11/09/2014 - Ano: 47 - Edição Nº: 57 - Meio Ambiente - Instituto de Biociências
Parâmetros do Crédito Rural encontram-se em contraponto aos requerimentos do Código Florestal
Detalhes do processo de proposição das duas leis revelam que suas diretrizes são bastante conflitantes

Apesar de todas as polêmicas sobre as reformas no Código Florestal e à concessão de crédito rural aos fazendeiros, a população desconhece fatores cruciais para o entendimento desta parte da legislação ambiental brasileira. Em seu artigo intitulado Crédito Rural e Código Florestal: Irmãos como Caim e Abel?, Alexandre Igari, pesquisador e professor na Escola de Artes, Ciências e Humanidades da USP, em conjunto com professora e pesquisadora do Departamento de Ecologia do Instituto de Biociências Vânia Pivello, busca uma maior compreensão e esclarecimento das incoerências contidas nessas leis desde o início de sua vigência.

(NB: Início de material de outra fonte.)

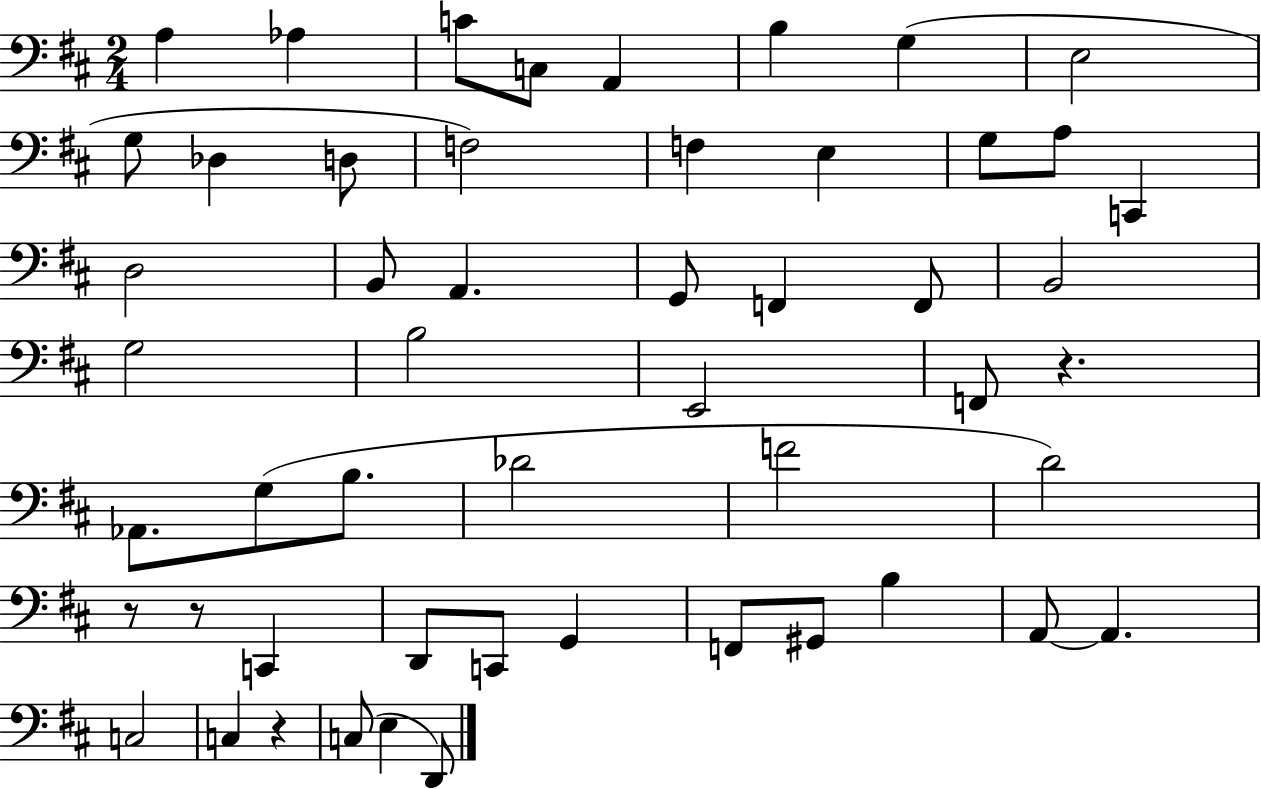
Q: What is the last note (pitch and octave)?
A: D2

A lei do Crédito Rural (CR) e o Novo Código Florestal (NCF) nasceram em 1965, com o objetivo comum de incrementar a produtividade agropecuária. Em uma análise mais aprofundada, o NCF (lei federal 4771-65) constituiu-se como o principal instrumento legal para a conservação de formações de vegetação nativa em propriedades particulares. A lei estabeleceu parâmetros inovadores para a conservação de vegetação nativa nas fazendas brasileiras, como, por exemplo, a obrigatoriedade da manutenção de Áreas de Preservação Permanente (APP) - regiões responsáveis por proteger faixas de vegetação nativa ao longo dos cursos d’água, nos topos de morros, dentre outros - dentro das propriedades rurais. O CR, por outro lado, foi criado com o intuito de reduzir os custos e ampliar a oferta de crédito à agropecuária no país, em um momento em que os produtos agrícolas de exportação, como o café, o açúcar, o algodão e o cacau, apresentavam fraco desempenho em função de queda dos preços internacionais. Apesar de, a princípio, parecerem leis com objetivos opostos (o do NCF de preservar o meio ambiente e o do CR de estimular o uso da terra pelo agronegócio), elas deveriam agir em complementaridade no aumento da produtividade agropecuária. O NCF conservaria os serviços ecossistêmicos (controle de erosão, conservação de recursos hídricos e de nutrientes nos solos) e o CR financiaria a tecnificação da agropecuária.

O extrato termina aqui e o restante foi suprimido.